He redlined his black Camry into the parking lot of the Leeman building, a four-story redbrick full of software engineers and psychologists. Dr. Alan Dickson considered parking directly in front of the main entrance in Brieanna's space—the target space. Of course, that would skew his experiment results. He swung wide.

Only Brieanna Wolfe had a one hundred percent success rate. She had parked her ugly, red coffee vendor's truck in the same slot in front of the Leeman building at exactly 7:30 every weekday morning for two years. He planned to put an end to Ms. Wolfe's impossible luck and finish his study of the influence of personal expectations on chaotic systems.

He parked on the far side of the lot and reached to the passenger seat for his briefcase.

The seat was empty.

Marg's mascara-streaked face came back to him. She'd wanted some romantic time with him before work. He couldn't be late. She'd seemed so confused. It wasn't her fault she didn't understand. Aching guilt filled his chest. He reached for the gray cell phone mounted on his dash.

His hand hovered.

Calling wouldn't help.
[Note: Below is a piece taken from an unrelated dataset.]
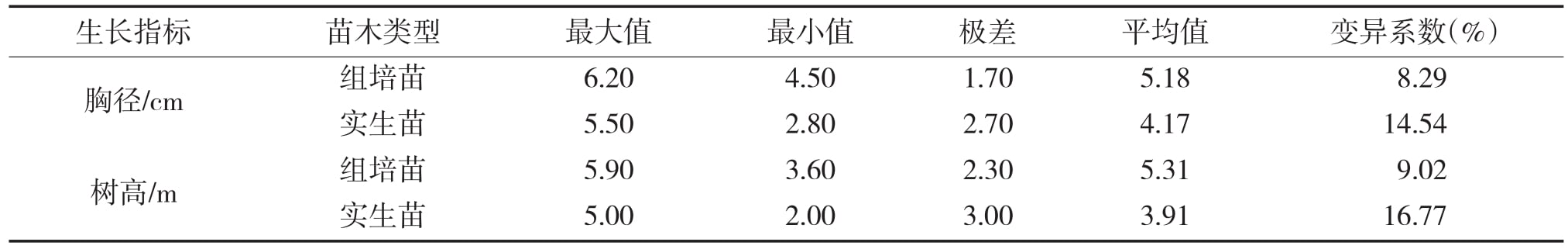 大花序桉草莓视频在线免费苗15個月齡幼林生長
Only success and tickets to Kauai would make her smile. The tickets were in his briefcase. He needed to create the success. He got out of the car and headed across the lot.

****

Brieanna gathered her waist-long, honey-and-ash hair behind her head and bound it into a ponytail with a blue scrunchie. Blue because she saw a crack of clear sky in the orange-bottomed, dawn clouds over the sleeping city. She and Valdez, her tiger tomcat, had just finished loading Big Red's refrigerators.
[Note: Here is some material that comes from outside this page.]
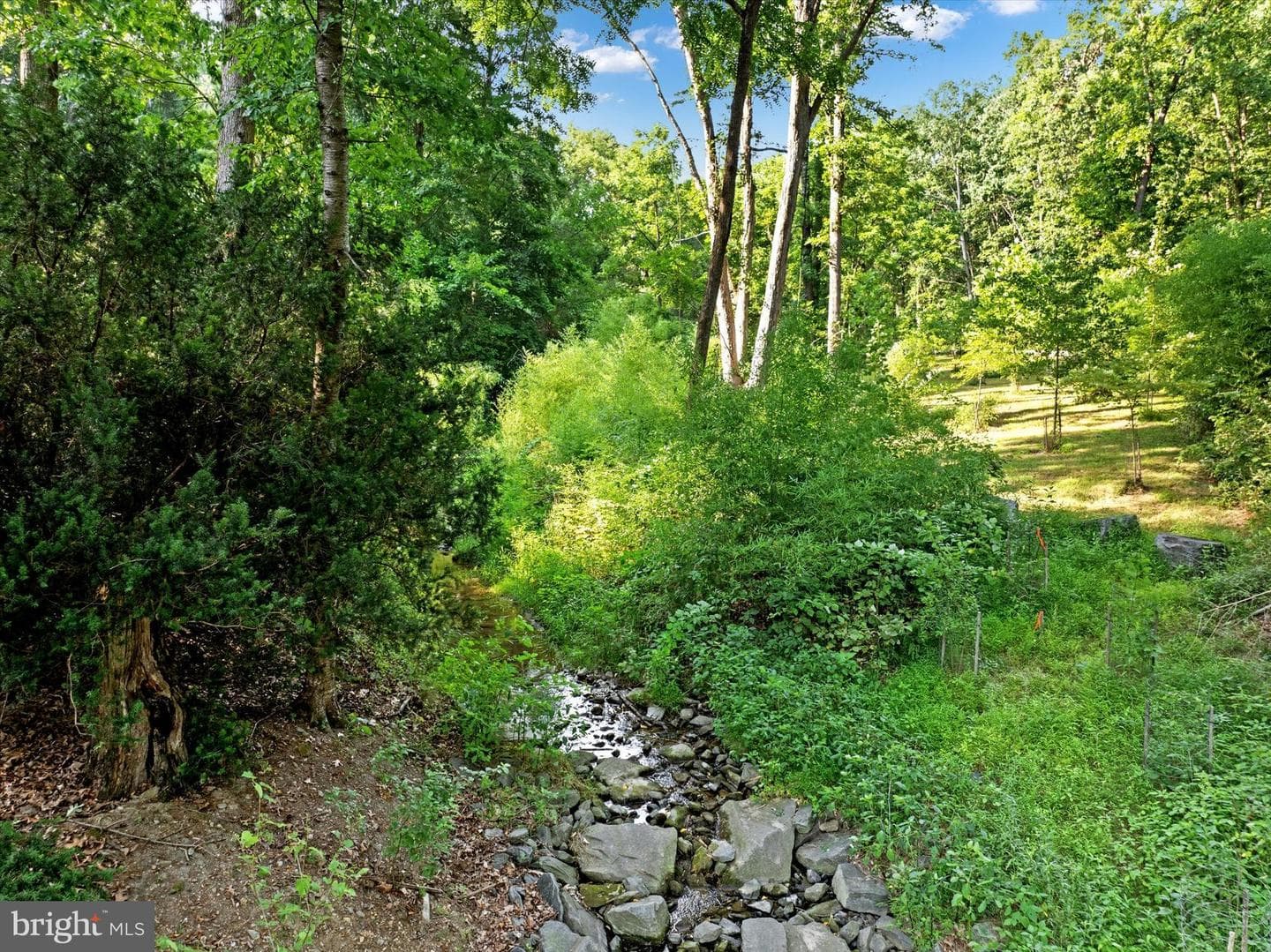 606 Freeland Road photo 5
Big Red, a two-ton, step van painted like a red dog, waited loyally at the curb outside her one bedroom bungalow in the wooded hills west of the city.

Red had been very near his trip to the scrap yard when Brieanna found him stalled and dying at a county fair. He'd been primer gray then, owned by a greasy, toothless perv selling carnivore carcinogen tubes wrapped in white bread buns. It made Brieanna shiver to think about what those things did to people's chi.

She rescued Red. She brush-painted him to look like a huge dog from a kid's book she had read in her aroma therapist's waiting room. His painted ears surrounded the tall doors on both sides of the cab. She put a big black spot on his side to make the sales window look right. The square windshield panels on the front weren't exactly good eyes, but the black basketball hanging on the grill was a great nose. She loved him, and that kept him running. After all, that's what kept everything running.

She checked the paws on her Mr. Peabody watch. "Six-twenty," she said. Valdez meowed acknowledgment and pressed his broad head against her ankles. "We're early today." She lifted Valdez and draped him over her shoulders like a fat, striped stole. Together, they mounted the two steps into Big Red.

Valdez leaped down onto his fleece-lined bed beside the long stick shift. The van smelled of fresh-roast and eucalyptus incense. Golden tassels surrounded the windshield. The cargo area overflowed with humming propane reefers and engine-driven steamers personally decorated by Brie. Her milk cooler was black-and-white and named Bessie. Her bran muffin box had little heart stickers on the glass. Her latte machine was fire engine red, except for the hand-painted, yellow smiles and the chrome tubing. She called it "Morning Smiles," after the poem she'd written the morning after a prophetic dream told her to sell coffee.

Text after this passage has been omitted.